I suspect that helps with healing, but it requires extreme concentration. I can’t read while doing that, for I will forget about the tickle and cough when I could have suppressed it. Even television is too much of a distraction. Don’t want to talk or hardly move at all. I can pray some while doing that, but even praying is a distraction that lessens the benefits of my cough self-suppression.

Of course, driving won’t work either. So Lynda drove on the trip home, and some of the trip out. We came back through Oklahoma City and picked up Sara and Ephraim to come and stay with us a few days. Richard is in Mexico with a group from their church and an extended group from the college on a mission trip. So they’ll be with us until New Years Day, when Lynda will take them back and I’ll batch it again for a few days.
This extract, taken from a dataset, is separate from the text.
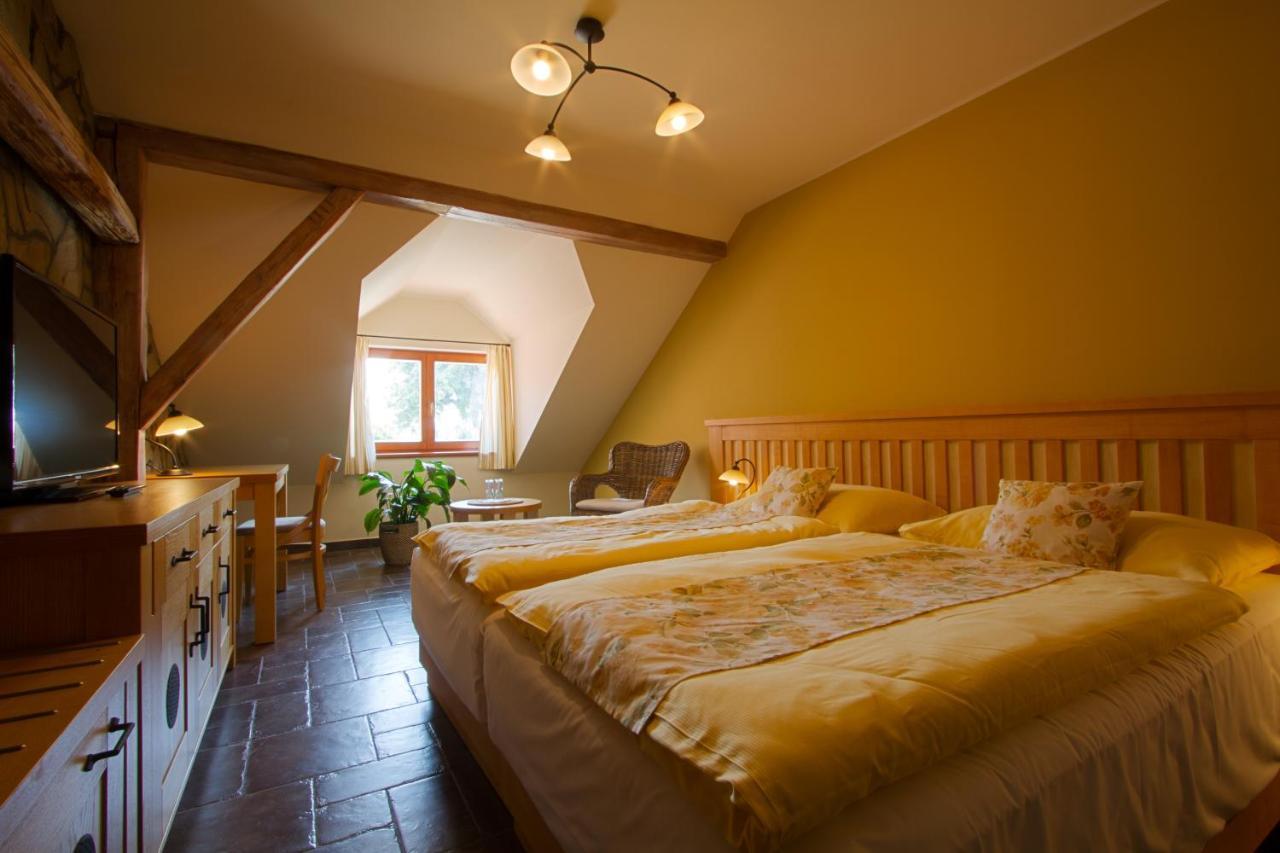 Hotel A Restaurace Palfrig Stara Ves nad Ondrejnici المظهر الخارجي الصورة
During this time, writing went by the wayside. I hardly checked in at Suite101, didn’t check in at Absolute Write, and didn’t read, think about plots or story lines or poems. I think I need another day or two before I’ll be ready to think about words again.

Oh, yes. That snow that Kansas was supposed to get–Oklahoma got it, but a day later. On Christmas eve Oklahoma City got 14 inches and Tulsa 8 inches from a wrap-around band of the storm–the first blizzard ever in Tulsa. The roads east of Tulsa were still a mess when we drove them on Sunday. Lynda did a great job and we had no problem at all.